> TASK: Each line from the one holding "Huntingdon House |" to the last line below must be restated word for word, and no picture may be included.

> STORED DATA:
----------
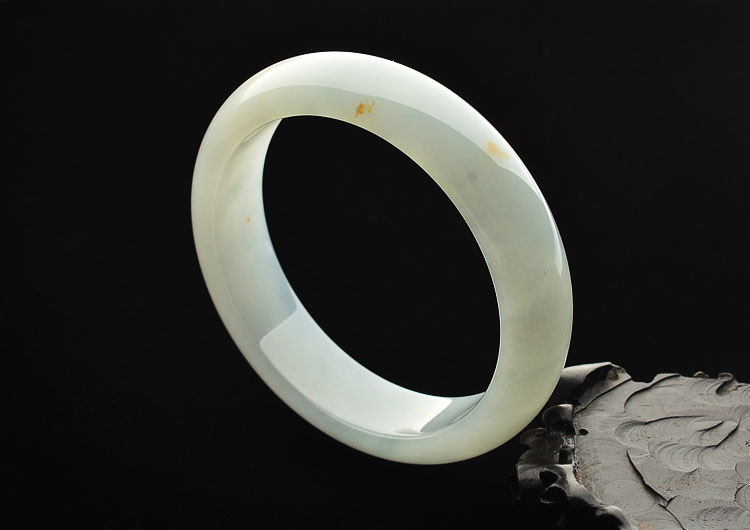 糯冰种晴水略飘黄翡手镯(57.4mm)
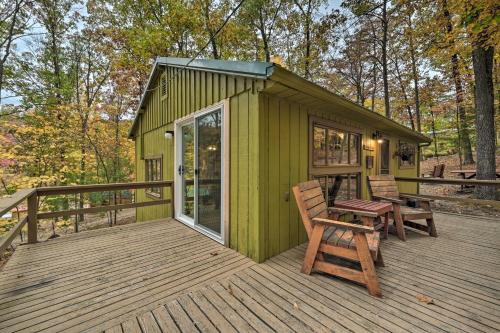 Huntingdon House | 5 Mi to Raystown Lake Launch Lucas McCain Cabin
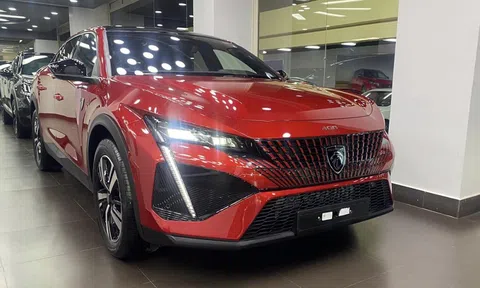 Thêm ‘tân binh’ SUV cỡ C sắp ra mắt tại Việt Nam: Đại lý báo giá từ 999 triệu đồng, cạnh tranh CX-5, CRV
----------
> EXERCISE SOLUTION:
 Huntingdon House | 5 Mi to Raystown Lake Launch Lucas McCain Cabin
 Thêm ‘tân binh’ SUV cỡ C sắp ra mắt tại Việt Nam: Đại lý báo giá từ 999 triệu đồng, cạnh tranh CX-5, CRV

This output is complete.